Where and Why are people generating iNaturalist data in Boulder County?

iNaturalist is a mobile application that allows people to take photos of plants or animals they encounter in their environment and returns the identification of that species so people can learn more about those species. The user takes a photo of any species they encounter and upload that photo to the cloud, along with the metadata for the time and location when the photo was taken. Cloud computation services then use an AI classification algorithm to identify a list of candidate species matching the photo and location and return those result to the user for verification. The verified observation is then added to an iNaturalist databases that already includes over 68 Million individual occurrence records after only a few years of operation. These records are available through an iNaturalist API, but those records are also dumped into the GBIF database, where they undergo a small round of quality control that clean up the data in a few minor ways. I access these data using the ‘spocc’ package in R, which consolidates the API protocols for several different species occurrence API services into a single API syntax housed in one package. The ‘spocc’ package also interacts natively with the ‘taxis’ package to clean and standardize species names and common names across all taxa.

iNaturalist API

This code is an example showing how to pull data for a single species from the GBIF database. This is a great way to get data for an individual species, but GBIF suggests you use their online tool, rather than their API, for downloading multiple species at one time. You can set up a for loop to automate a list of species, but that unnecessarily drives up maintenance costs for GBIF, and they will again point you back to the online tool.

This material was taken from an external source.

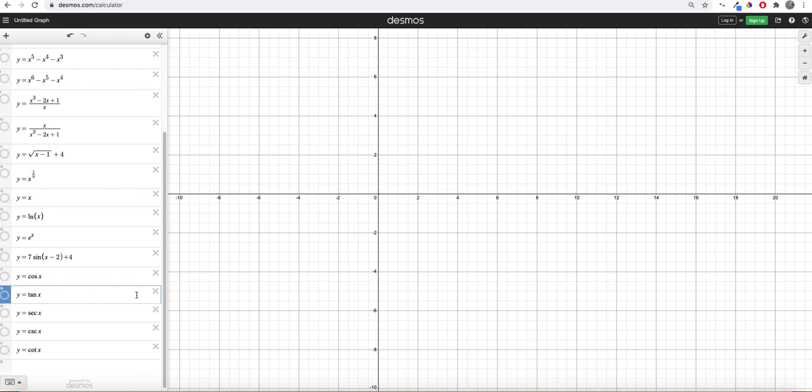I know that was a lot of information in a pretty short video, but if you need additional help, come to Math Lab. Until then, calculate.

(df <- occ(query = 'Sciurus carolinensis', from = 'gbif',  has_coords = TRUE))
df2 <- occ2df(df)
class(df2)
df3 <- dframe(df2) %>% scrubr::fix_names( how = 'shortest')

df3 <- df3[df3$latitude > 45  & df3$longitude > -74 & df3$longitude < -73 ,,drop=TRUE]
df3

GBIF online download tool

Here I upload the file that I downloaded from gbif.org. To create this file, I used GBIF’s online tool to draw a bounding box around Boulder county and specified that I wanted all data with (1) Geographic coordinates, (2) No known errors, (3) recorded in 2021, and (4) iNaturalist listed as their provider. The provide that data in the form of a CSV, which I added to a folder called “rawData” in the working directory. These data come as a dataframe of occurrence records, which each record taking a row and different variables taking the columns. The first thing I do is clean the names using the ‘scrubr’ package. Then I plot the raw data to make sure they meet my expectations. I’m checking for anomalies that would be cause by improper loading, like the wrong spatial extent or unexpectedly empty fields.

gbif <- fread("rawData/0289344-200613084148143.csv",header=TRUE)
GBIF <- gbif %>% scrubr::fix_names( how = 'shortest')

plot(gbif$decimalLatitude, gbif$decimalLongitude)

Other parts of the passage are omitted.